Namun, orang yang makan paling banyak telur memiliki risiko 14 persen lebih rendah untuk meninggal akibat demensia.

“Tidak jelas dalam penelitian kami mengapa telur dikaitkan dengan risiko kematian akibat kardiovaskular dan kanker yang lebih tinggi,” kata Dr Bao.

“Ini mungkin terkait dengan cara orang memasak dan makan telur. Telur bisa direbus, diacak, direbus, dibakar, diolesi, digoreng, disiram, dimanja atau diasamkan atau dikombinasikan dengan makanan lain.”

Di Amerika Serikat, orang biasanya makan telur dalam bentuk telur goreng dan seringkali dengan makanan lain seperti bacon.

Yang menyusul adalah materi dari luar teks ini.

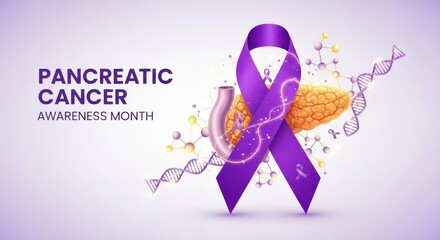 Pancreatic Cancer Awareness Month purple ribbon, pancreas, DNA genetic structure, and molecular elements for medical research and health support.
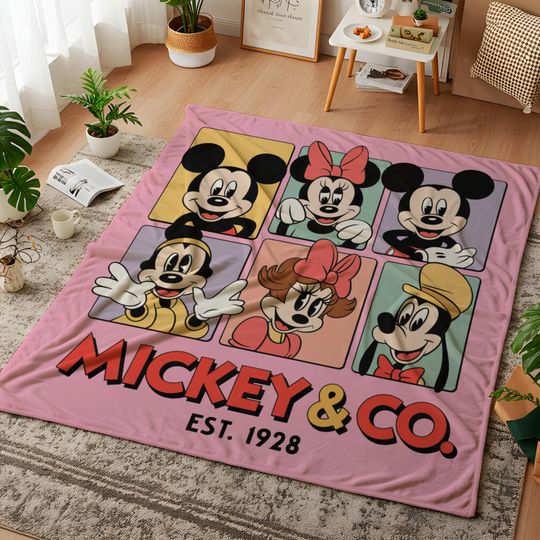 Disney Mickey & Co. Blanket, Mickey, Minnie And Pluto Best Friends Throw, Retro Disney Wall Tapestry, Kids Room Decor Gift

“Meskipun kami telah memperhitungkan dengan cermat banyak faktor perancu potensial dalam analisis, masih sulit untuk sepenuhnya mengetahui apakah telur, makanan lain yang biasanya dikonsumsi dengan telur, atau bahkan faktor non-diet yang terkait dengan konsumsi telur, dapat menyebabkan peningkatan risiko. kematian kardiovaskular dan kanker.”

Para peneliti mengatakan temuan yang diterbitkan dalam Journal of the American Heart Association mungkin tidak berlaku untuk wanita atau pria yang lebih muda.